- [YOUR GOAL]
All of the listing must be given again exactly, except that the images are dropped.

- [EXERCISE DATA]
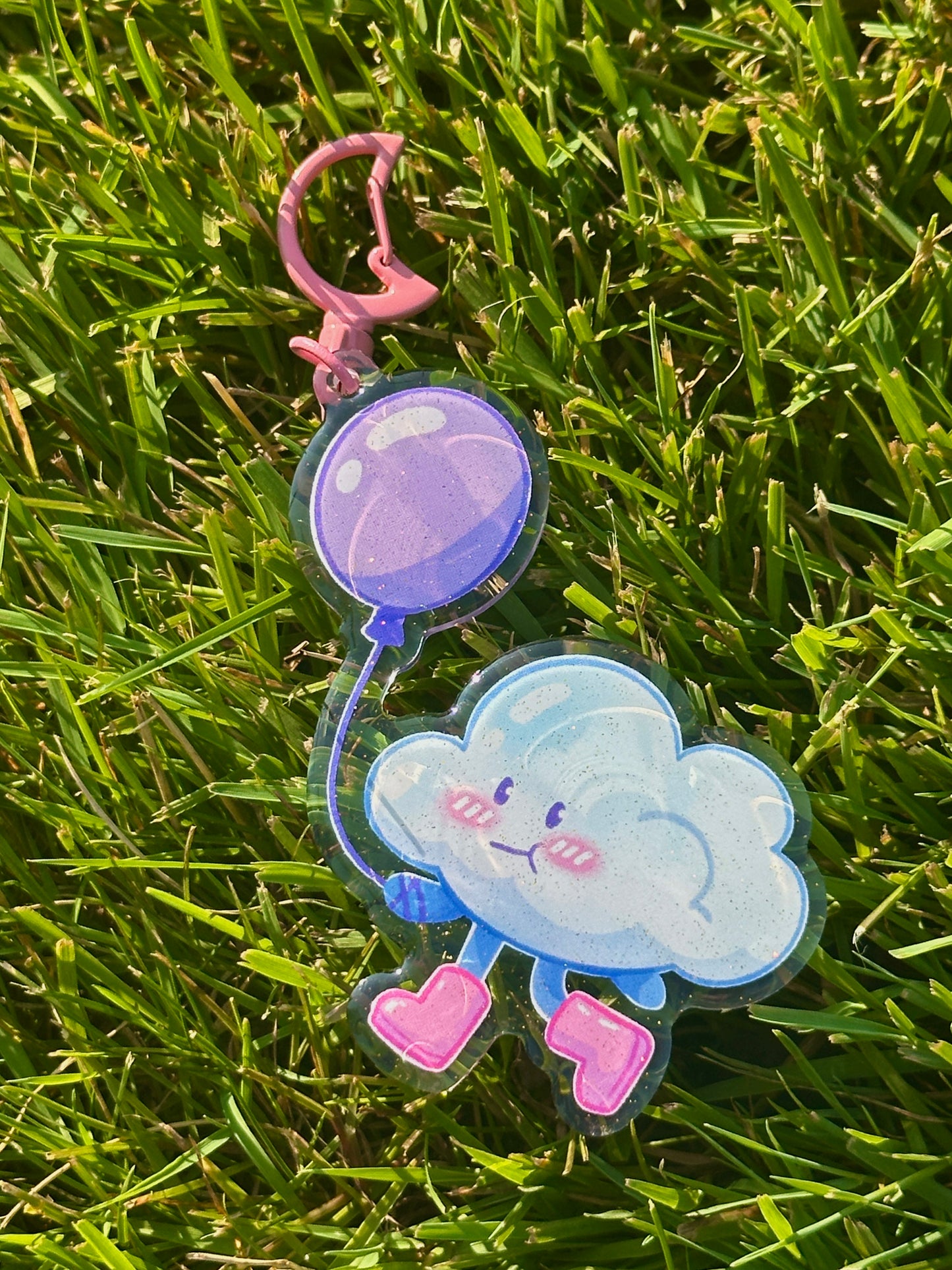 Cloudy Glitter Keychain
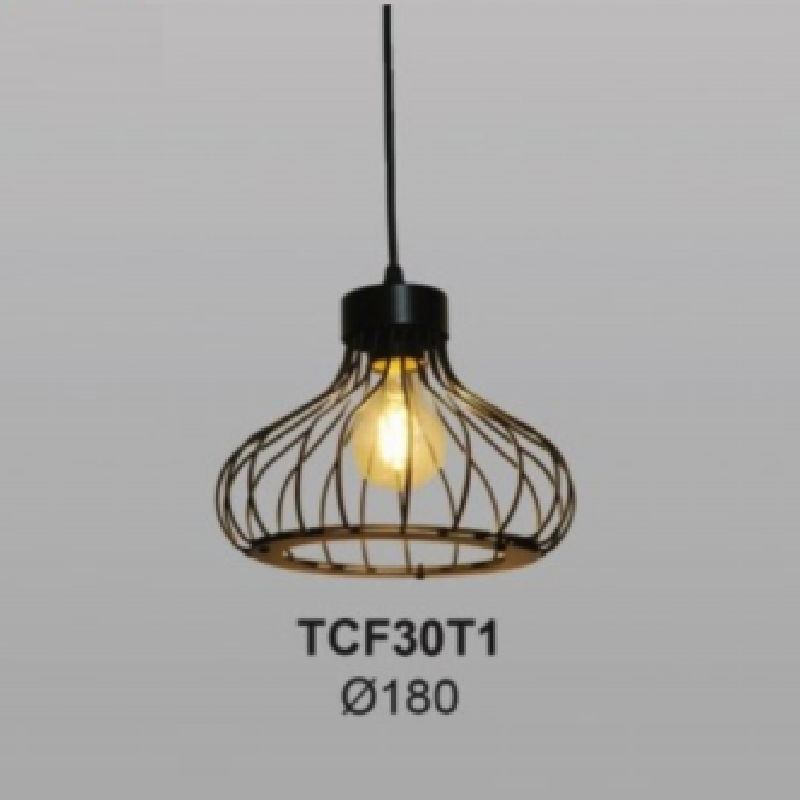 35 - TCF30T1:  Đèn thả đơn, khung hợp kim sơn tĩnh điện - KT: Ø180mm - Bóng đèn E27 x 1 bóng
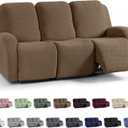 KinCam Recliner Covers, Stretch Reclining Chair Covers, Recliner Sofa Slipcovers Stripe Jacquard Recliner Couch Covers Furniture Protector Covers for Pet Kid (3 Seater, Brown)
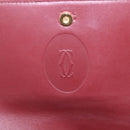 CARTIER Shoulder Bag Leather Bordeaux Gold Auth 153047-14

- [EXPECTED ANSWER]
 Cloudy Glitter Keychain
 35 - TCF30T1:  Đèn thả đơn, khung hợp kim sơn tĩnh điện - KT: Ø180mm - Bóng đèn E27 x 1 bóng
 KinCam Recliner Covers, Stretch Reclining Chair Covers, Recliner Sofa Slipcovers Stripe Jacquard Recliner Couch Covers Furniture Protector Covers for Pet Kid (3 Seater, Brown)
 CARTIER Shoulder Bag Leather Bordeaux Gold Auth 153047-14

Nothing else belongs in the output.